Three cabinet ministers – Arjun Munda, Piyush Goyal and Nityananda Rai – who had met farmers twice before the march began are expected to engage in another round of talks around 5 pm on Thursday.

Meanwhile, farmers accused the Haryana police of using pellet guns against them at the Khanouri border on Wednesday, and firing tear gas at them for the second straight day at the Shambhu border to prevent them from reaching the multi-layered barricades around the national capital.

Thousands of farmers from Punjab began their journey to Delhi in tractors, SUVs and other vehicles on Tuesday morning, after the previous evening’s meeting with union ministers, at which they pressed for legally guaranteed minimum support prices (MSP) for their crops, failed to yield results.

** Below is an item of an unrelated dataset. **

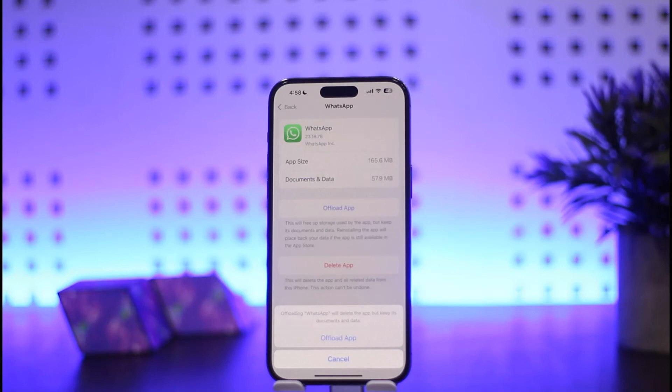This is how you can log out of your WhatsApp account on iPhone. Hope this helped you. Do like and subscribe, and don't forget to leave a comment down below if you have any further issues.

The Haryana police on Tuesday fired nearly 4,500 tear-gas shells on the protesting farmers, most of them using drones. Officials from the Delhi police meanwhile were guarding the borders amid the farmers’ ‘Delhi chalo’ call.

Additionally, the Haryana police allegedly fired pellets at farmers at the Khanouri border. According to reports, more than 100 farmers were injured.

Huge numbers of police and paramilitary personnel, besides multi-layered barricading, are in place to seal the national capital’s borders at Singhu, Tikri and Ghazipur. Central Delhi is also under heavy security cover, with personnel in anti-riot gear deployed strategically and metal and concrete barricades regulating access to several key roads.

Objecting to the use of tear-gas and pellets, Patiala deputy commissioner Showkat Ahmed wrote to his Ambala counterpart Shaleen on Wednesday, asking him to refrain from entering the state’s territory.

“In Ambala alone, so far in two days 15 protesters have been injured and over a dozen accounts on X (formerly Twitter) and Facebook have been withheld,” Tejveer Singh Ambala, the spokesperson of BKU (Shaheed Bhagat Singh) told Mint. “We will march to Delhi tomorrow until we are blocked by barricades.”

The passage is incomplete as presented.